Achieving this virtuous character, however, is a matter of education and practice. Ibn Miskawayh, another great Islamic writer, asserts that attaining such a virtuous character for a person is also a lifelong process, “The analysis of Miskawayh’s idea on the cultivation of virtue discovers that virtue is not a matter of instruction only. For him, the emphasis should be on training and constant practice. Virtue is the result of the regular subordination of the irrational to the rational soul. It means that one keep on doing good deeds if he is at the stage of rationality.” [10].

This quotation is another example of the connections between Islamic teachings and the ethics of virtue, in which education is key to improving moral rationality and gaining the mental capacity to apply practical wisdom. Following all of these steps can theoretically lead an individual and/or community to attaining the ideal of eudemonia.

Since many have demonstrated that the law is a social construct based on the considerations of other fields of human science, to take a critical look at any part of this construction calls for an investigation of its foundational fields as well. In this article, then, to claim the institution of a new children’s right, I must also justify its philosophical basis.

From the Typical “Right to Education” toward Recognizing the Morally Adapted “Right to Proper Education”
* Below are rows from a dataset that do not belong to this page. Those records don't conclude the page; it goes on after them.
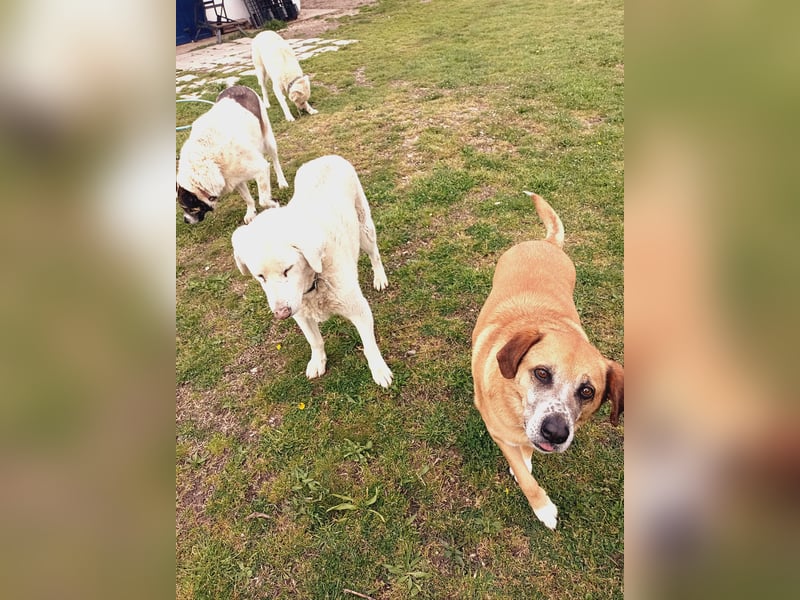 Panouli - liebenswerter Grieche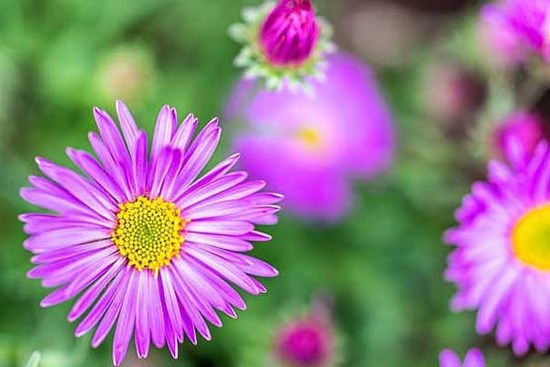 Tử vi ngày 8/6/2023: Tuổi Sửu thích ứng nhanh chóng, tuổi Ngọ tràn đầy động lực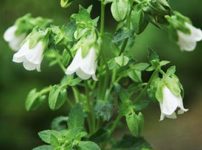 シンフィアンドラ・ホフマニイ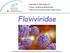 Disciplina: Virologia III Curso: Medicina Veterinária. Flaviviridae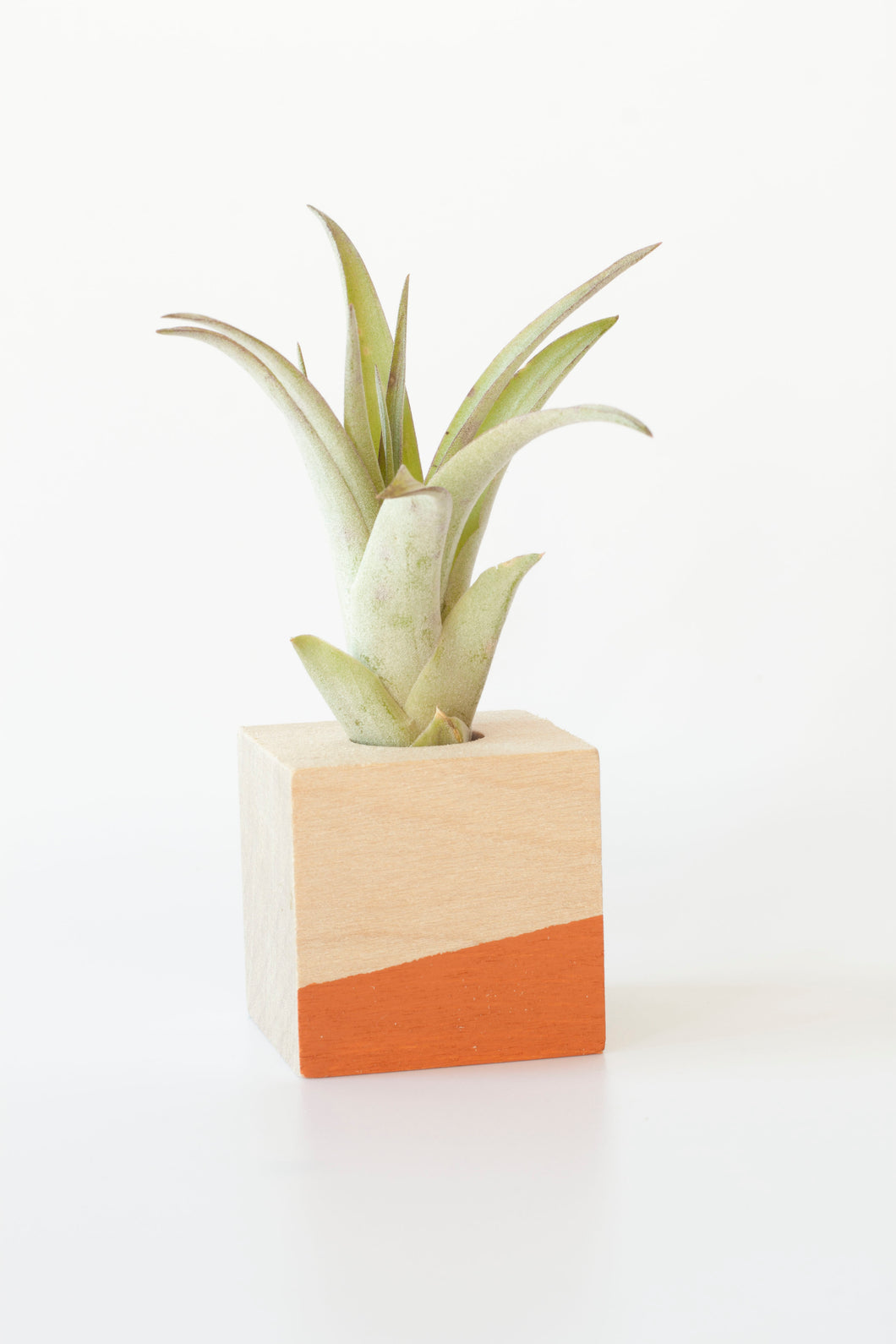 Air Plant Magnet >> Orange Cube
This section, starts the philosophical path through the recognition of the “right to proper education”. The philosophical process to attain this purpose explores the types of rights that should be granted to children. Among all the rights of children, the specific subject of this inquiry which is the “right to a proper education” will be discussed to be a moral and legal right that should be predicted from a right philosophy standpoint.

What Rights Children Have If They Have Any?

In this section, I discuss the two ideas expressed by Fienberg and O’Neill as they provide a useful method of rights classification. Next, I consider the arguments made by Freeman.

Feinberg distinguishes between rights that belong only to adults (e.g., liberty rights, rights to choice, public speech, practice a religion, freedom of association, etc.), rights that are common to both adults and children (e.g., welfare rights such as health, physical integrity, privacy, etc.), and rights that children alone possess (e.g., protection rights which provide protection for children because the condition of childhood requires such a support). Fienberg also recognizes some rights for the children that give them the opportunity to become the people that they want to be in adulthood. He calls these rights the “right-in- trust” and the “right to an open future.” [11]. This is where Feinberg employs the language of maximization, stating that, “[Education] should send [the child] out into the adult world with as many open opportunities as possible, thus maximising his chances for self-fulfillment”. (Ibid)

Feinberg's idea of “rights-in-trust” or “right to an open future” is very close to Eekelaar’s idea of “developmental interests” in addition to the “basic interests” of children that make them entitled to fulfill their basic rights to physical, emotional and intellectual care. The developmental rights are the rights of a child to develop their potential so that they enter adulthood without disadvantage [12].

In this article, I am going to benefit further from the concepts of “developmental rights” and the “right to an open future” by discussing children’s rights to a proper education. However, first I must review O’Neill’s arguments regarding children’s rights.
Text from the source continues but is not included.